*Exercise instructions:*
Transcribe only what runs from the line containing "<p>judge (m &amp; f)</p>" through the end of the listing, line for line and exactly, and omit the pictures.

*Provided material:*
★ ★ ★ ★ ★

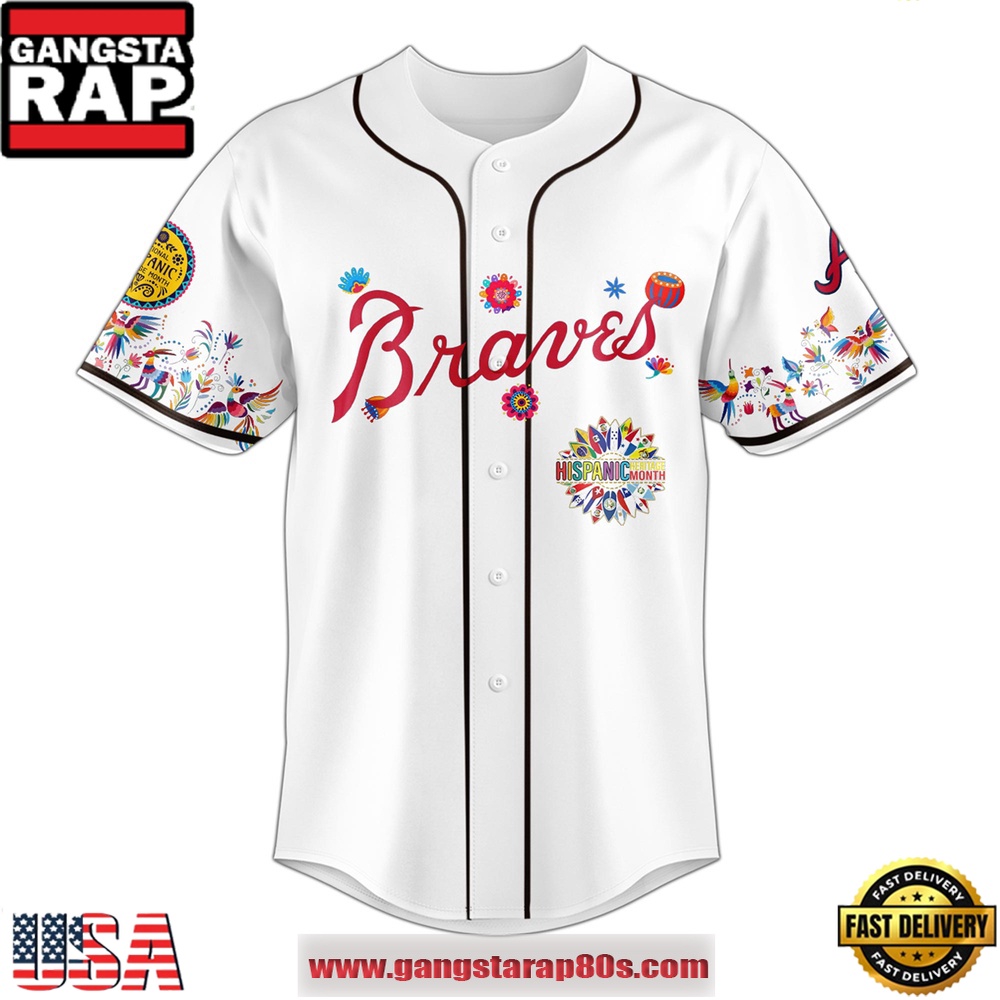 MLB Atlanta Braves X Hispanic Heritage Special Edition Baseball Jersey MLB Atlanta Braves X Hispanic Heritage Special Edition Baseball Jersey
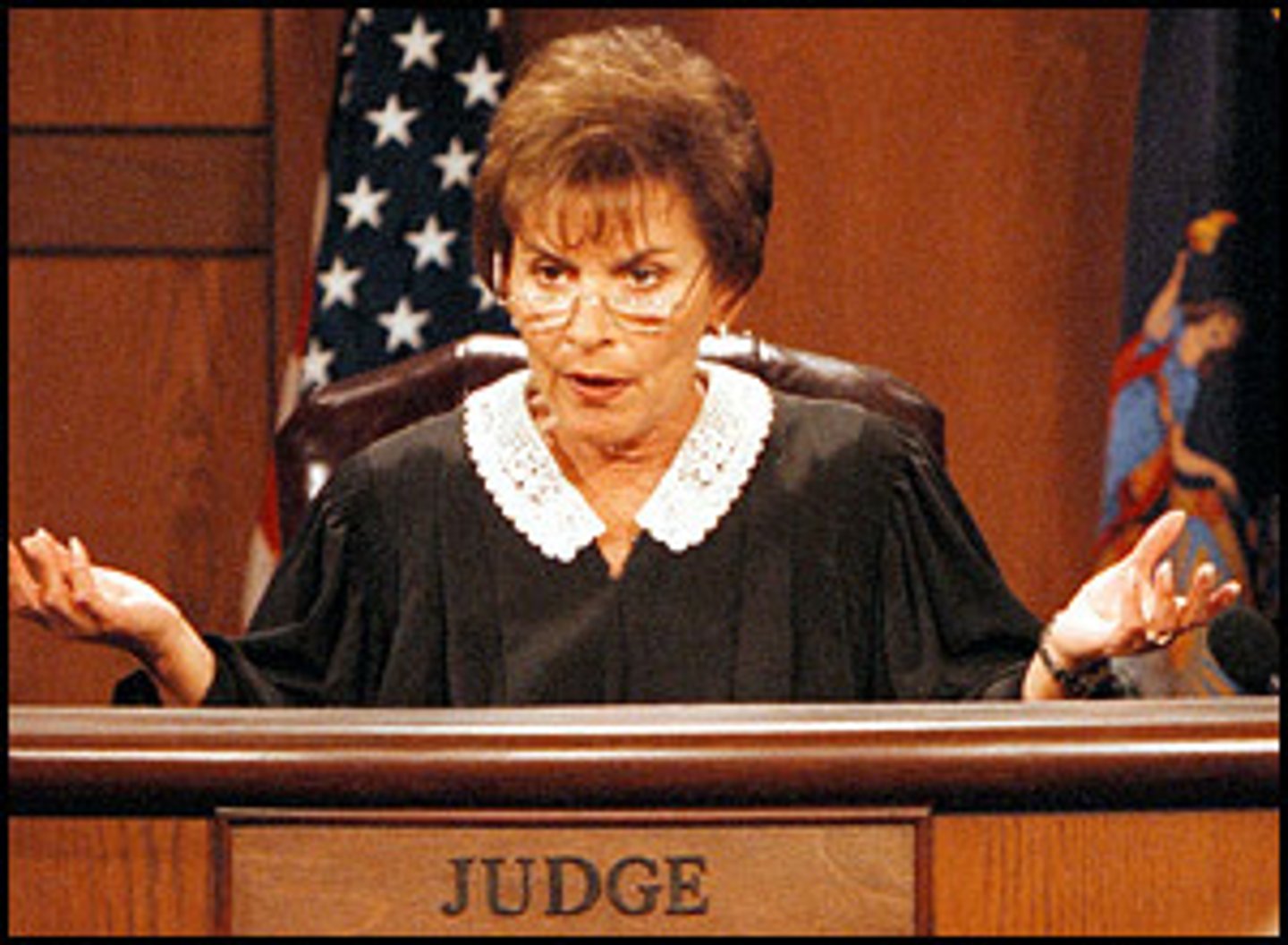 <p>judge (m &amp; f)</p>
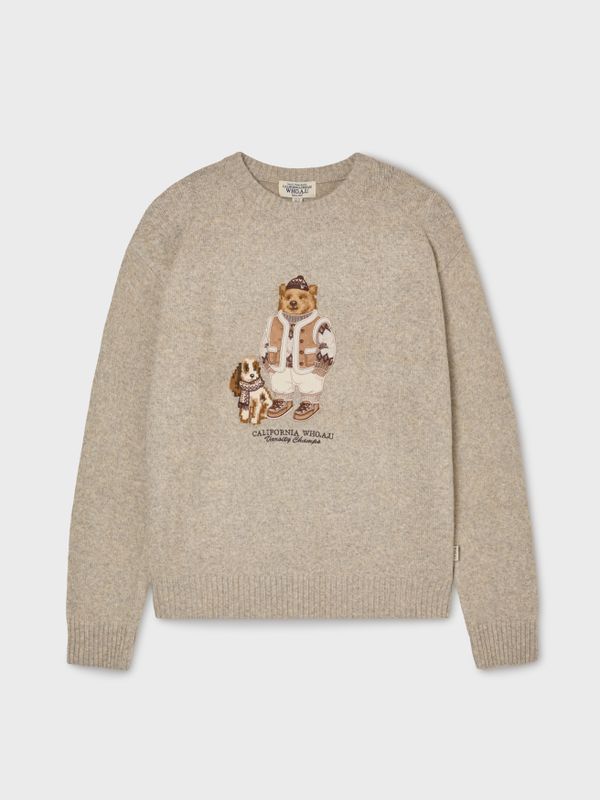 WHOAU Áo len Steve Premium Jacquard Sweater_WHKAF4T11U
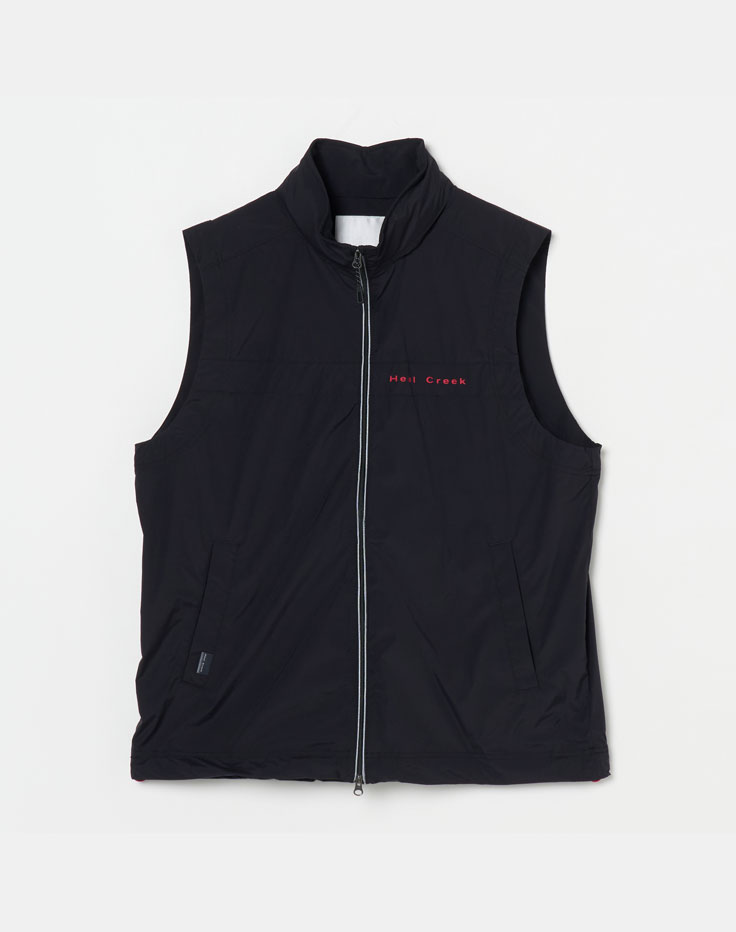 Heal Creek(ヒールクリーク)両面シャギーボアフルジップベスト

★ ★ ★ ★ ★

*Task response:*
 <p>judge (m &amp; f)</p>
 WHOAU Áo len Steve Premium Jacquard Sweater_WHKAF4T11U
 Heal Creek(ヒールクリーク)両面シャギーボアフルジップベスト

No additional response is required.